The third test case we used represented a moderately intense hacker session. It consisted of listing all local documents and desktop directories for one user on the machine. Following the directory list requests, a variety of files including two income tax returns (PDF format), one JPG image, three small Word documents, and a text file containing a 1000-address mailing list were all compressed and downloaded. Using a common compression utility, all these files together amounted to a 300 KB zip file. 300 KB it is actually a moderate, if not small, amount of data to download from a compromised machine; it represents less than 1/100,000 the disk space available on a common 40 GB hard drive.

The alert logs for the moderate workload were almost the same as those or the minimal workload. The only difference between alerts is that the moderate workload surpassed the highest daily bandwidth usage threshold of 80 KB instead of the just the 40 KB seen during the minimal workload. The moderate workload did take longer than the minimal workload to complete. The difference, however, was from two minutes to ten minutes. Since Web Tap records bandwidth in 5-minute intervals, this did not really change results from other filters.

WEB TAP FILTER VULNERABILITIES

A serious question that comes to mind when evaluating Web Tap is whether an HTTP tunneling or backdoor program could be designed to evade Web Tap. This section describes vulnerabilities that could be exploited to avoid detection by each of the Web Tap’s filters.

• Single Request Size Filter: Large data transfers can be broken up into multiple smaller requests (though that risks violating other filters if the requests are not scheduled carefully).

• Delay Time Filter: The delays could be randomized so as to bypass thresholds (though this can still trip day-of-time filter, if the user is not usually active at that time.)

• Time-of-day Filter: The hacker can schedule requests when a user is normally active (though that increases the risk of detection by the user.) Of course, if the user is an insider who wishes to leak data via a tunnel, avoiding this filter is straightforward.

• Request Regularity Filter: If the hacker knows the thresholds used, he can attempt to stay below them by keeping a running count of activity. If the hacker does not know the thresholds used, then this filter could be avoided by emulating the regularity of a common site.

• Bandwidth Limit Filter: A tunneling program can keep a running count of the bytes that have been sent over the past day. If the count is going to exceed the detection threshold, it can stop sending data. This requires knowledge of the thresholds.

In general, it is hard for Web Tap to detect a tunneling program that closely mimics the browsing patterns of a legitimate site. This can be accomplished by logging all outbound web requests and seeing which site is visited the most by the user (this may be done by compromising the OS or the web browser). The backdoor can then issue requests of similar size at similar time intervals to make sure that its traffic does not exceed the regularity measurement for a legitimate site.

Even though Web Tap can be evaded by copying the browsing patterns of a legitimate site, the hacker would have to be careful that the site being mimicked does not generate a false positive.

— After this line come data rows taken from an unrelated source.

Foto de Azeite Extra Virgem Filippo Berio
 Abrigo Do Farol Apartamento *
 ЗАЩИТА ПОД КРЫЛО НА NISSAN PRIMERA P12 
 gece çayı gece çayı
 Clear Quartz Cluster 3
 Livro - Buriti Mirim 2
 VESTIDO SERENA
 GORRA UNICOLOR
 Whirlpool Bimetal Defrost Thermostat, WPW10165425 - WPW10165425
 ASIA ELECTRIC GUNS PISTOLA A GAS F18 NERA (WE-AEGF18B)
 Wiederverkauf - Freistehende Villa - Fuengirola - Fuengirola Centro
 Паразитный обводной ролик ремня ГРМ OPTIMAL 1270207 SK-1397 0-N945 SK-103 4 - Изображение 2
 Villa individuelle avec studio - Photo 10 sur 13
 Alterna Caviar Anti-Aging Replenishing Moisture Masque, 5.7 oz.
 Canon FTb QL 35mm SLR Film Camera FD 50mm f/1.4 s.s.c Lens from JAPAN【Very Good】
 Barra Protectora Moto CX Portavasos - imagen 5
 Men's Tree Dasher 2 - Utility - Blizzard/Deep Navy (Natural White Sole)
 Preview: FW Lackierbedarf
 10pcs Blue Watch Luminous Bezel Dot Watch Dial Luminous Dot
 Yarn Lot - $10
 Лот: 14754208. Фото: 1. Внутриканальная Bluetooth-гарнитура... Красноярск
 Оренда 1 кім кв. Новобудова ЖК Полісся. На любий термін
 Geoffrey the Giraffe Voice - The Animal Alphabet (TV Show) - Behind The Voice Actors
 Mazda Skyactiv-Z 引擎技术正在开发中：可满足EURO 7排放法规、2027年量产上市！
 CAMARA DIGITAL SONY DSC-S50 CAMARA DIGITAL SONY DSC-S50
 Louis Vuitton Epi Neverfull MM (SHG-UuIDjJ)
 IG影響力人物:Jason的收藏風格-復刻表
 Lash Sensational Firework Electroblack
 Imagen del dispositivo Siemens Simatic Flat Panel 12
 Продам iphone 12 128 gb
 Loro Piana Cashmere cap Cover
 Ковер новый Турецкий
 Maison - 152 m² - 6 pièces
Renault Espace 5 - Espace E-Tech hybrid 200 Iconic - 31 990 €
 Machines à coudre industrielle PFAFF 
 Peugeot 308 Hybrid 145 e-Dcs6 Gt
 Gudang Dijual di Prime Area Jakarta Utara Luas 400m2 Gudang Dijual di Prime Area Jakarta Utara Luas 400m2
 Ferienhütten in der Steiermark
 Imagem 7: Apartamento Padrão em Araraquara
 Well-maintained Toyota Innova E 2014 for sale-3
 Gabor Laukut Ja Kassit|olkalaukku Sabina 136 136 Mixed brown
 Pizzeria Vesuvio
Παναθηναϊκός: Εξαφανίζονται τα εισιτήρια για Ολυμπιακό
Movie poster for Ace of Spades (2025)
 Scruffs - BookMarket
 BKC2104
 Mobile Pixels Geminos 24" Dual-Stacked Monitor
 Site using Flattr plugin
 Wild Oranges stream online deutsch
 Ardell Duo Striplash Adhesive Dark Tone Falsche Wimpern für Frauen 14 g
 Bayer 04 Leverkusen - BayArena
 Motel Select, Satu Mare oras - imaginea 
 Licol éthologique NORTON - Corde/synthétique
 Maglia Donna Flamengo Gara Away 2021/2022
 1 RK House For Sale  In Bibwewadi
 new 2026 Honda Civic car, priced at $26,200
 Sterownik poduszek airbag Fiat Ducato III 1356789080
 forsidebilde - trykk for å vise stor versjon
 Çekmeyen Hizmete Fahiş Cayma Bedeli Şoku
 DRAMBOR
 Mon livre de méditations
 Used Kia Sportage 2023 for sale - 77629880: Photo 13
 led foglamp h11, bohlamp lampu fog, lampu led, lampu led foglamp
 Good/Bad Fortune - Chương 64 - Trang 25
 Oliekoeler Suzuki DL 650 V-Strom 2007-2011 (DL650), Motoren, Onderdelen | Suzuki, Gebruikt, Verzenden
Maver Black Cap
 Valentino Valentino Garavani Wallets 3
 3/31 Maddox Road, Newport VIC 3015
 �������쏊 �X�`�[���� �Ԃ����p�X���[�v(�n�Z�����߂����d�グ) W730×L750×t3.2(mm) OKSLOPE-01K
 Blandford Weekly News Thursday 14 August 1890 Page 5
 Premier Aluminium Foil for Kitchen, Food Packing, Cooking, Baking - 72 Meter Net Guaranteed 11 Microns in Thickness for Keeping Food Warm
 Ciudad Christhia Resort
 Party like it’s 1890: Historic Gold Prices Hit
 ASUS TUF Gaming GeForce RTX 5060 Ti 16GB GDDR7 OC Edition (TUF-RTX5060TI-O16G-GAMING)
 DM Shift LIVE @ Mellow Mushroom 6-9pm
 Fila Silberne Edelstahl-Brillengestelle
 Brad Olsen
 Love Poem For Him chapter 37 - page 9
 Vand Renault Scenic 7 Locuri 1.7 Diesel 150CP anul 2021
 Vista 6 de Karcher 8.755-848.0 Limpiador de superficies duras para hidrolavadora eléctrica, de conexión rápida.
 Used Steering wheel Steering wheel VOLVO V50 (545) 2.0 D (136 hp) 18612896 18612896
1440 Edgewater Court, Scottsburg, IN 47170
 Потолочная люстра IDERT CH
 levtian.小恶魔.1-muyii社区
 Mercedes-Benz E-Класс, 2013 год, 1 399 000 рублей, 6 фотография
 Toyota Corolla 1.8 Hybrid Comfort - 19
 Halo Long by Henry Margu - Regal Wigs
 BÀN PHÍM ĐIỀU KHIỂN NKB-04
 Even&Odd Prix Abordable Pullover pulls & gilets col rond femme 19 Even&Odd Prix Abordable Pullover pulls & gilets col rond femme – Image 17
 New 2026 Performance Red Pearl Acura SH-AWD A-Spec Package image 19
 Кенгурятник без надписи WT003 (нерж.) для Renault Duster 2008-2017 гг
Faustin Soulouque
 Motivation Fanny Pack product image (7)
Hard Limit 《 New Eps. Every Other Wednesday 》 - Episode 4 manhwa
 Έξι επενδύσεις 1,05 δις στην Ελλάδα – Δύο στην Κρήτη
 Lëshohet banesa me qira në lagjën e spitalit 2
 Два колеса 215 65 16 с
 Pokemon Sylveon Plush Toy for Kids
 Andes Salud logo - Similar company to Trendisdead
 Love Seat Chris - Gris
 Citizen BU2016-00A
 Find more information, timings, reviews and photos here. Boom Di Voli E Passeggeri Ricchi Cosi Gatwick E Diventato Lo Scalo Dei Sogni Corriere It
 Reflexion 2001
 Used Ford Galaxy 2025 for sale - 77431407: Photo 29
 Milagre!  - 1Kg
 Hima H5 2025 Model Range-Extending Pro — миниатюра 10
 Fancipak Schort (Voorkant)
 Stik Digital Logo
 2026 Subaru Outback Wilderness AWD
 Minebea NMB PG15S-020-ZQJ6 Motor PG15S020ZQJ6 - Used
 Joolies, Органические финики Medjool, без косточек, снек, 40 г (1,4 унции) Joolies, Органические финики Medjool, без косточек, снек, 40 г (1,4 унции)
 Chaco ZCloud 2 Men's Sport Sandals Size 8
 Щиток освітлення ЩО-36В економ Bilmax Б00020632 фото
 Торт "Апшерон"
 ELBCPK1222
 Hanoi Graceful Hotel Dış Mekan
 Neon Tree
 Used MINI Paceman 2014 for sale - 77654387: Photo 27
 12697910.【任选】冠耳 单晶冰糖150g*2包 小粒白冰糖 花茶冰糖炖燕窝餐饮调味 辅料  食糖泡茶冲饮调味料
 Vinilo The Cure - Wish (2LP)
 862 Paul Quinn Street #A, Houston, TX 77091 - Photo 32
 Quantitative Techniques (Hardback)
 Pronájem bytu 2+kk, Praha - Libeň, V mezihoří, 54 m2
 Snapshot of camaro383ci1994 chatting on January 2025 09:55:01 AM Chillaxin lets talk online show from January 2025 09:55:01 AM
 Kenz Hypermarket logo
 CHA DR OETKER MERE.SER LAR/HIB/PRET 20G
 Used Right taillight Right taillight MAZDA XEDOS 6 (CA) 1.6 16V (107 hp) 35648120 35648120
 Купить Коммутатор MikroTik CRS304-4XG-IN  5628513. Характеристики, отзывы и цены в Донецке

If the site generates a false positive, and it is copied by a backdoor, then the backdoor will generate a real positive. This is one reason why it is very important to set thresholds low enough so that some false positives still occur. Doing so makes it much more difficult for hackers to copy the request patterns of other sites and avoid detection.

It is important to note that if an HTTP tunnel is calling back to multiple computers, then the amount of bandwidth available is going to increase. If a system administrator is worried about this, then it would be possible to set a per user aggregate bandwidth threshold. Web Tap was unable to measure a good number for this, since many of the host names actually translated to multiple computers (at least six in one case) behind one NAT device. This may, however, be something to examine in the future.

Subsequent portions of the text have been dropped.